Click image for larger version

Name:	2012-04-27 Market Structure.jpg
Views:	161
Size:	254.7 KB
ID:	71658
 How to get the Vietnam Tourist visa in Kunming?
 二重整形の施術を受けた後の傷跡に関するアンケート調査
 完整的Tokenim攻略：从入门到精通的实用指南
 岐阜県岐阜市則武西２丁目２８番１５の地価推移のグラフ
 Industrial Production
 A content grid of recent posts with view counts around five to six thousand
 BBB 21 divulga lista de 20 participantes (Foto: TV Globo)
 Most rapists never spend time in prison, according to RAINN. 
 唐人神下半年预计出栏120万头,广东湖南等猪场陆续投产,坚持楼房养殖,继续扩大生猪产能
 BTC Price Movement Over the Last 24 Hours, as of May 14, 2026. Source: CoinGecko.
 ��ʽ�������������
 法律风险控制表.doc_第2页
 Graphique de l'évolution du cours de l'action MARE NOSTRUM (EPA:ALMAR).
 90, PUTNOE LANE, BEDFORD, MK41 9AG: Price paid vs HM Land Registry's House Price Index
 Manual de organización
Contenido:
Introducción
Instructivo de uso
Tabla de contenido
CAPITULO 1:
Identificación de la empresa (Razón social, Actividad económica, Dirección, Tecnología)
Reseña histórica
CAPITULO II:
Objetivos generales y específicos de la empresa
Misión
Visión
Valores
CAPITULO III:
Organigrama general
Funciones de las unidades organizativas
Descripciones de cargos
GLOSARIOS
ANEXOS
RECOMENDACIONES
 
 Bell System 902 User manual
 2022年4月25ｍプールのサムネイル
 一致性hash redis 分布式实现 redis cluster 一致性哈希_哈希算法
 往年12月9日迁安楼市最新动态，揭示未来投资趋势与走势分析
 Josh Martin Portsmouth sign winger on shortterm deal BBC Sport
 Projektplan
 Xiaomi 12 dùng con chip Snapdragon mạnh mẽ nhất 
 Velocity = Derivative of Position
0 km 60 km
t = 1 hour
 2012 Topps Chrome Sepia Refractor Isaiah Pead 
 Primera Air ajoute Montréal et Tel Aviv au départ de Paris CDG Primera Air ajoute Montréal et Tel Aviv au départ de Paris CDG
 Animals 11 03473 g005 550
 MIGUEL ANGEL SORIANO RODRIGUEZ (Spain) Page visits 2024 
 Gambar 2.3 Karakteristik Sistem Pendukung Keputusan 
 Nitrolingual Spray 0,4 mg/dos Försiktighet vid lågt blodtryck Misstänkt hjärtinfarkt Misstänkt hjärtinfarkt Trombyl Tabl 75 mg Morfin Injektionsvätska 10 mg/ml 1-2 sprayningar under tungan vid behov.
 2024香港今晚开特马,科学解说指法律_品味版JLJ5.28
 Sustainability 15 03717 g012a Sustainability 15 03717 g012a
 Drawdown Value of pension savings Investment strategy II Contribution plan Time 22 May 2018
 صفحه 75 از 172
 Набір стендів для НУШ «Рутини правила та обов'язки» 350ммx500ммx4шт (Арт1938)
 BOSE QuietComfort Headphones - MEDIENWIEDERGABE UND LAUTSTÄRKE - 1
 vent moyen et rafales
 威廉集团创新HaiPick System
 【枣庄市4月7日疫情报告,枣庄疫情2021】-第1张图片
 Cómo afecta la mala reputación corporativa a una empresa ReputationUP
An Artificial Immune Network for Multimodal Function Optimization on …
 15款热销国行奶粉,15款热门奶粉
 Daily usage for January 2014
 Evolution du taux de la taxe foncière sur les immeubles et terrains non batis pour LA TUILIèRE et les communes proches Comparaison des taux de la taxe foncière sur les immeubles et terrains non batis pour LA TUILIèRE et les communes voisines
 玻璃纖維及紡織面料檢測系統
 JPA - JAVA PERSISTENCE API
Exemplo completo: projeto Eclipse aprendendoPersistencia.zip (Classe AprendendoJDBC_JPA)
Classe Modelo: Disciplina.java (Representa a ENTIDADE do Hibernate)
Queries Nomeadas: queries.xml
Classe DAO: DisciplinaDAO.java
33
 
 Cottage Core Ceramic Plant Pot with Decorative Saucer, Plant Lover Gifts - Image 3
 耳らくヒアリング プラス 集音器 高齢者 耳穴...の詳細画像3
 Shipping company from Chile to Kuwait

### Exercise goal
Write out exactly the lines above between the line with "唐人神下半年预计出栏120万" and the line with "Graphique de l'évolution", inclusive, and nothing beyond them.

### Reply to the task
 唐人神下半年预计出栏120万头,广东湖南等猪场陆续投产,坚持楼房养殖,继续扩大生猪产能
 BTC Price Movement Over the Last 24 Hours, as of May 14, 2026. Source: CoinGecko.
 ��ʽ�������������
 法律风险控制表.doc_第2页
 Graphique de l'évolution du cours de l'action MARE NOSTRUM (EPA:ALMAR).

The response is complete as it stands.